-- GIVEN INFORMATION follows --
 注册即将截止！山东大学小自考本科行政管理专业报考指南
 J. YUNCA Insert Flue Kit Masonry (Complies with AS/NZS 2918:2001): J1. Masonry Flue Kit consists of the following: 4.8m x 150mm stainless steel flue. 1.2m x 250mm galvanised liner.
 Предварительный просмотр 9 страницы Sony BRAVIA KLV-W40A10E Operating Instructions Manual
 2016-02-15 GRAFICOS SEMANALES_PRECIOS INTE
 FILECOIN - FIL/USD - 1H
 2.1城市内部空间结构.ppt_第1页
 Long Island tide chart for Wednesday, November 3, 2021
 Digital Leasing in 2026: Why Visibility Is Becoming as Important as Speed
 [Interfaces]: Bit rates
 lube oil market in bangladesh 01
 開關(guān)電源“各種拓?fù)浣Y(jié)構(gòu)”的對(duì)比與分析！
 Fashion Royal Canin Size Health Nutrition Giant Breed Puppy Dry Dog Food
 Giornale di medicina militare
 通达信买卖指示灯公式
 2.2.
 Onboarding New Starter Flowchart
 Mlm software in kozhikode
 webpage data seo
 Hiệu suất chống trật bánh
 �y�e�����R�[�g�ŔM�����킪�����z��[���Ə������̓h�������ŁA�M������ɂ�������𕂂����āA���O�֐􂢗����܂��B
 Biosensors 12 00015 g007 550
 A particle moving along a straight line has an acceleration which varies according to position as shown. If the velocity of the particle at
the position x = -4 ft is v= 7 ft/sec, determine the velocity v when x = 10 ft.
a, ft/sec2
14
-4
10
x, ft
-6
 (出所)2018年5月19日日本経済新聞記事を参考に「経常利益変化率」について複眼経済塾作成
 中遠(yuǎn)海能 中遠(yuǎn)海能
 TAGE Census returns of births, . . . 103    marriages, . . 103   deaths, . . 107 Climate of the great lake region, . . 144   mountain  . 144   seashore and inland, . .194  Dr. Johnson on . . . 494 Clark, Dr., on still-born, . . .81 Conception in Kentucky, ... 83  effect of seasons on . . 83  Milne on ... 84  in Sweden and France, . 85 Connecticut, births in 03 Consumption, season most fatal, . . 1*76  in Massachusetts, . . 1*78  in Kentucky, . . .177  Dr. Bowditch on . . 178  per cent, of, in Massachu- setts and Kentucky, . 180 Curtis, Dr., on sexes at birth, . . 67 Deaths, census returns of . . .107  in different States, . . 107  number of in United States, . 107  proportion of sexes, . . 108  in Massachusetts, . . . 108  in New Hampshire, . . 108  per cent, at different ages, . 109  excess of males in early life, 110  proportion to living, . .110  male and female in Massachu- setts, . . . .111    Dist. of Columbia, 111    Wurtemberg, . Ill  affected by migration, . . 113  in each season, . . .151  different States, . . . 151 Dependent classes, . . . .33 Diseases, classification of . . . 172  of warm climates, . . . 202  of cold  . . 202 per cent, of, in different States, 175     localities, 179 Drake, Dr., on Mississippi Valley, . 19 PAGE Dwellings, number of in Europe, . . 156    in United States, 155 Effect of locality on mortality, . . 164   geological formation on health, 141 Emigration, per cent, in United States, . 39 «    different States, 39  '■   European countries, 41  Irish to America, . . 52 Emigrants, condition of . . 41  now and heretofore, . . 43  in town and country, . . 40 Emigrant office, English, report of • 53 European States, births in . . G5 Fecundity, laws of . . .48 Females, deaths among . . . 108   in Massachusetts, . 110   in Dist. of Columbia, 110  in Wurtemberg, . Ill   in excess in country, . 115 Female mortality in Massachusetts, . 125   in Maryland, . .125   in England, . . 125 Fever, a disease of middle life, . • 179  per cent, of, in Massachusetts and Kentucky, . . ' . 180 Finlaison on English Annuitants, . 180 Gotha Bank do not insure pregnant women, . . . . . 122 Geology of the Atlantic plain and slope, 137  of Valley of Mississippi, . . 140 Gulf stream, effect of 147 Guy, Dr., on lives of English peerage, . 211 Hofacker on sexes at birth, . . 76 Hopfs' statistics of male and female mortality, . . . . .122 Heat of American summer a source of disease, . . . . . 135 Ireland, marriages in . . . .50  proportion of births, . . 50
-- GIVEN INFORMATION concluded --
--- TASK REQUIREMENTS ---
Look above for the line with "Предварительный просмотр 9" and the line with "中遠(yuǎn)海能 中遠(yuǎn)海能", and reproduce exactly those two lines plus every line between, nothing more.

--- PROBLEM SOLUTION ---
 Предварительный просмотр 9 страницы Sony BRAVIA KLV-W40A10E Operating Instructions Manual
 2016-02-15 GRAFICOS SEMANALES_PRECIOS INTE
 FILECOIN - FIL/USD - 1H
 2.1城市内部空间结构.ppt_第1页
 Long Island tide chart for Wednesday, November 3, 2021
 Digital Leasing in 2026: Why Visibility Is Becoming as Important as Speed
 [Interfaces]: Bit rates
 lube oil market in bangladesh 01
 開關(guān)電源“各種拓?fù)浣Y(jié)構(gòu)”的對(duì)比與分析！
 Fashion Royal Canin Size Health Nutrition Giant Breed Puppy Dry Dog Food
 Giornale di medicina militare
 通达信买卖指示灯公式
 2.2.
 Onboarding New Starter Flowchart
 Mlm software in kozhikode
 webpage data seo
 Hiệu suất chống trật bánh
 �y�e�����R�[�g�ŔM�����킪�����z��[���Ə������̓h�������ŁA�M������ɂ�������𕂂����āA���O�֐􂢗����܂��B
 Biosensors 12 00015 g007 550
 A particle moving along a straight line has an acceleration which varies according to position as shown. If the velocity of the particle at
the position x = -4 ft is v= 7 ft/sec, determine the velocity v when x = 10 ft.
a, ft/sec2
14
-4
10
x, ft
-6
 (出所)2018年5月19日日本経済新聞記事を参考に「経常利益変化率」について複眼経済塾作成
 中遠(yuǎn)海能 中遠(yuǎn)海能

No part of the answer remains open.